Partilerin aday listeleri
Bu yazıyı kaleme aldığım sırada İşçi Partisi aday listesini seçmekle meşgul. 117 bin üyesinin önemli bir kısmının oy kullanacağı seçimde en çok oyu kazananlar arasında eski ve ünlü siyasetçilerin yanı sıra seçmenlerin beğendiği yeni kişiler de yer alacak.

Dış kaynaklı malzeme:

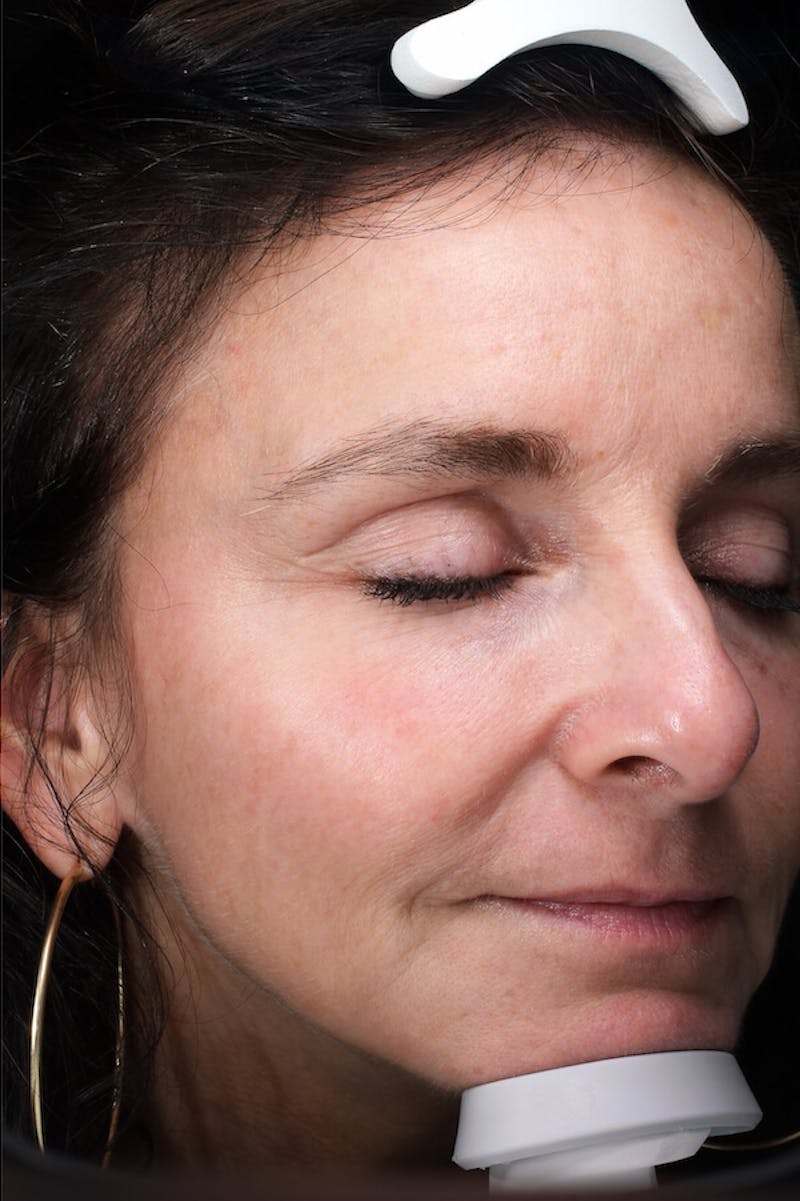 Lasers & Light Before & After Gallery - Patient 793946 - Image 4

Peresin ve İşçi Partisinin ileri gelen iki milletvekilinin Kadima Partisine geçmesine rağmen, bu partinin milletvekilleri arasında değerli kimseler bulunacak. Ancak İşçi Partisinin karşılaşacağı güçlük seçilecek adaylardan değil, parti liderinden kaynaklanacak.
İsrailin tek sorunu yoksulluk olsaydı, başarılı bir işçi lideri olan Amir Peretz seçmelerin büyük bir çoğunluğunun oylarını alıp hükümetin başına geçebilirdi. Oysa, ekonomik sorunlar dışında ülkenin, siyasi ve güvenliğe ilişkin çok önemli sorunları var. Seçmenlerin büyük çoğunluğu Peretzin bu sorunları çözecek ne yeteneği ne de deneyimi olduğuna inanıyor.
Peretz, Şimon Peresin partide kalmasını sağlayabilseydi ve onu partinin iki numaralı adamı konumuna getirseydi, İşçi Partisi bu seçimlerden çok güçlü çıkabilirdi. Ancak Şimon Peres Olmertten sonra Kadimanın iki numaralı adamı olacak. Bu nedenle şimdiye dek İşçi Partisini destekleyenlerin bir kısmı Kadimaya oy vermeye hazırlanıyor. Bu gün seçilecek ekibin en zor görevi, onların partiye geri dönmesini sağlamak olacak.
Likudda gelişmeler
Netanyahu, aday belirleme işinde başarılı oldu. Seçimlerden yararlanarak Olmert dahil Likudun dört bakanını istifa etmeye zorladı. Merkez Komitesinin aday listesinde, Netanyahunun istediği birkaç yeni isimle birlikte eski simalar da var. Ancak eskiler listenin başında yer almıyor. Buna çok kızan eski bakanlar, açıkça: "Netanyahu bu seçimlerde 20 milletvekili çıkartamazsa, seçimlerden sonra onu parti başkanlığından atmaya çalışacağız" diyorlar. Yapabilirler de
Şaronun Likud liderliğinden çekilmesi, bu partiyi çok zayıflattıysa da, yok etmedi. Knessetin ikinci partisi konumunda olabilir.
Şimdiki Knessetin üçüncü partisi konumunda olan merkezdeki Şinuy Partisi ise, bu aday seçme işleminde başarılı olamadı. Bu nedenle, önümüzdeki seçimlerde tamamen yok olabilir. Parti lideri Tommy Lapid başarılı bir gazeteciydi, ama anlaşılan siyaset yapmak için, farklı yeteneklere sahip olmak lazım.